### TASK BRIEF
Restate the data below word for word. Leave the images out.

### PROVIDED MATERIAL
== Segment start ==
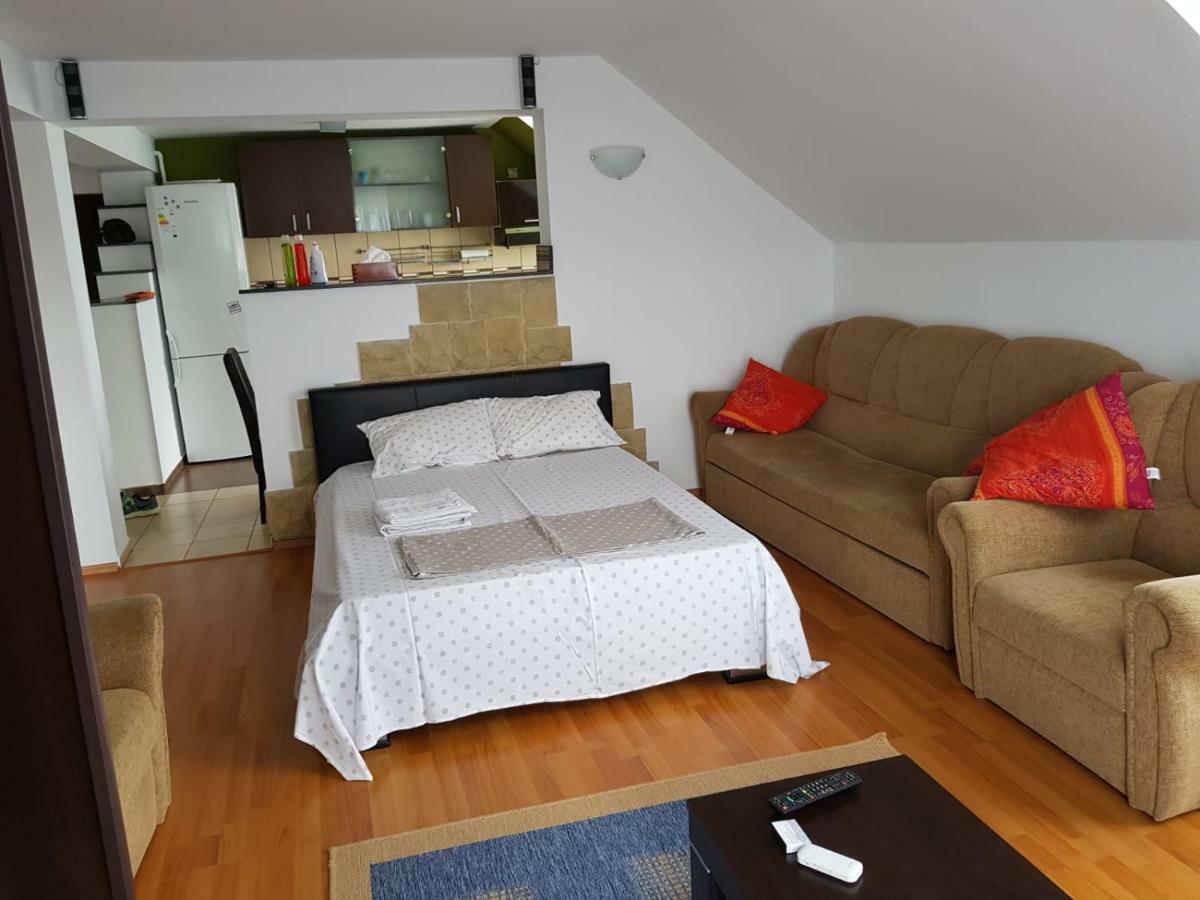 Penthouse Apartament 2 Floors, 2 Bedroom , 2 Bath, 120 Sqm , Inside Yard Parking Cluj-Napoca Extérieur photo
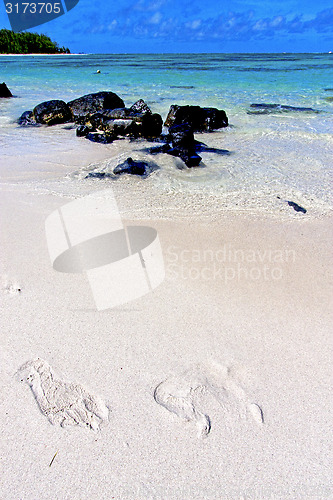 Image of beach ile du cerfs seaweed in indian footstep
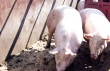В Белоруссии с 2015 года на 10% вырастет поголовье свиней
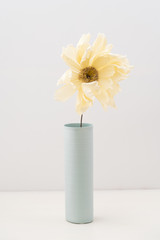 Single faded coral charme crepe paper peony in a vase on white  wooden background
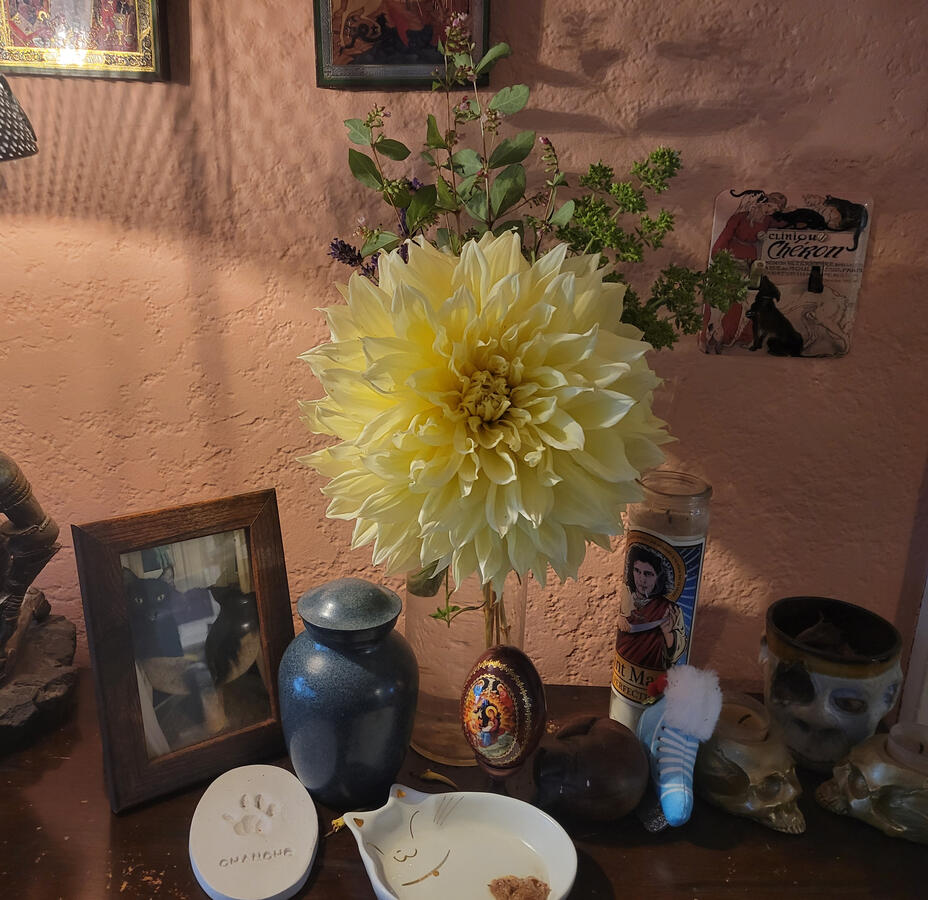 Untitled Untitled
== Segment end ==
### TASK OUTPUT
 Penthouse Apartament 2 Floors, 2 Bedroom , 2 Bath, 120 Sqm , Inside Yard Parking Cluj-Napoca Extérieur photo
 Image of beach ile du cerfs seaweed in indian footstep
В Белоруссии с 2015 года на 10% вырастет поголовье свиней
 Single faded coral charme crepe paper peony in a vase on white  wooden background
 Untitled Untitled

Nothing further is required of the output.